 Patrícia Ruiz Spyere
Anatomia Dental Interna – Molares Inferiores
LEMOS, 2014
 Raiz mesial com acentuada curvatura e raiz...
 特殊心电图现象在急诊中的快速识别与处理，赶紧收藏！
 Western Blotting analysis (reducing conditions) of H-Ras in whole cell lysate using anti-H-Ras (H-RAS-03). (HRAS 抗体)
...
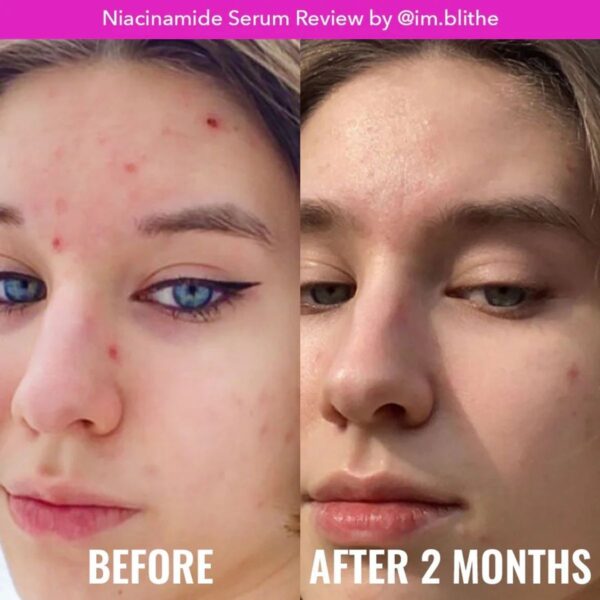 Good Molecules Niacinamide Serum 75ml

(Directions):
In the listing above, find the line with "特殊心电图现象在急诊中的快速识别与处理，赶紧收藏！" and the line with "Western Blotting analysis". Output those two lines and every line between them, exactly as written.

(Response to this task):
 特殊心电图现象在急诊中的快速识别与处理，赶紧收藏！
 Western Blotting analysis (reducing conditions) of H-Ras in whole cell lysate using anti-H-Ras (H-RAS-03). (HRAS 抗体)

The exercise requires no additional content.